California to require ethnic studies course to graduate from high school

  • California is one of the first states in the United States to make ethnic studies a compulsory course for high school graduates.
  • The new law will first apply to students graduating from high school in the 2029-30 school year.

California will require its high school students to take an ethnic studies course to graduate, starting with the Class of 2030.

Govt. Democratic Gavin Newsom Friday signed the invoice, AB 101, enacted, making California one of the first states in the country to designate ethnic studies as a condition of graduation for public school students.

After years of advocacy and vocal opposition from a range of lawmakers and organizers, the curriculum to be taught in schools will help students understand the contributions of Black, Latino, Asian and Native Americans, as well as other groups who have faced discrimination and to marginalization in the United States.

The new law requires that public schools in the state have at least one ethnic studies class starting in the 2025-2026 school year, with a compulsory one-semester course for students graduating in the 2029-30 school year.

Democrat MK Jose Medina of Riverside, who drafted the bill, welcomed the signing of the bill.

“It’s been a long wait” he told the Associated Press. “I think schools are now ready to create more equitable and social justice curricula.”

While criticism of the curriculum did not dissipate, the bill was easily passed by the California legislature by wide margins.

Newsom vetoed an almost identical piece of legislation last year, calling for a revision of the program guide that would be “inclusive of all communities”.

Former Democratic Governor Jerry Brown also vetoed similar legislation in 2018, recognizing the value of ethnic studies but final that schools could offer the curriculum without a statewide mandate.

The revised guide to ethnic studies has been finalized and approved by the Council of State of Education in March.

“Ethnic studies classes allow students to learn their own stories – and those of their classmates,” Newsom said in an signature declaration. “I understand that the law provides a number of safeguards to ensure that lessons will be free from prejudice or bigotry and appropriate for all students.”
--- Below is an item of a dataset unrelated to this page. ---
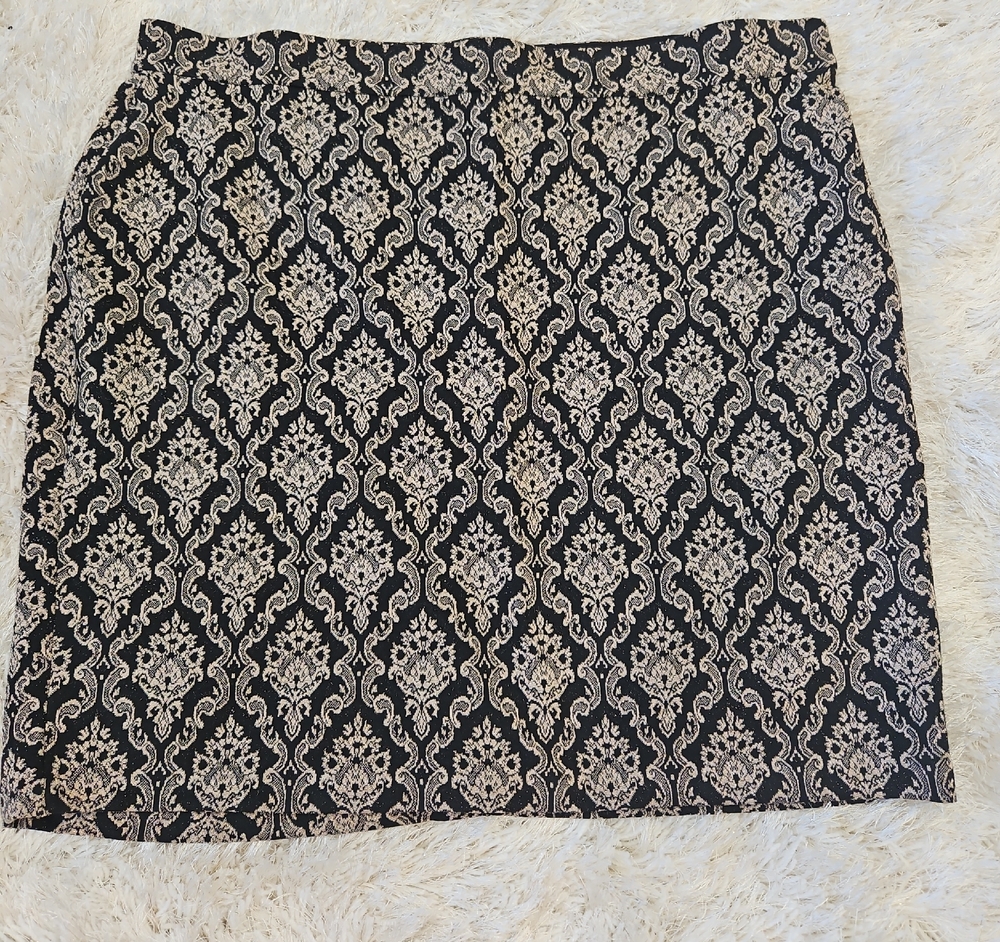 Roz & Ali Black and Gold Shimmering/metallic Patterned Pencil Skirt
A Newsom office statement also said the legislation “will help expand educational opportunities in schools, teach students about the diverse communities that make up California, and boost student engagement and academic performance.” quoting a study from Stanford University.

In a press release, Medina took note of the long battle for the implementation of ethnic studies statewide.

“I want to thank the countless young people, high school and college students, teachers and professors, who organized, demonstrated, boycotted classes and started hunger strikes to demand a more equitable and inclusive education system,” he said. . “The signing of AB 101 … is a step in the long struggle for equal education for all students.”

The new law comes as battles over race and education swirled across the country, especially after George Floyd’s death last year, which sparked a national debate on systemic racism.

Conservatives, who have widely opposed classroom teaching about systemic racism, launched a crusade against Critical Race Theory, which examined how the history of racism in America continues to reverberate through the laws and policies that exist today.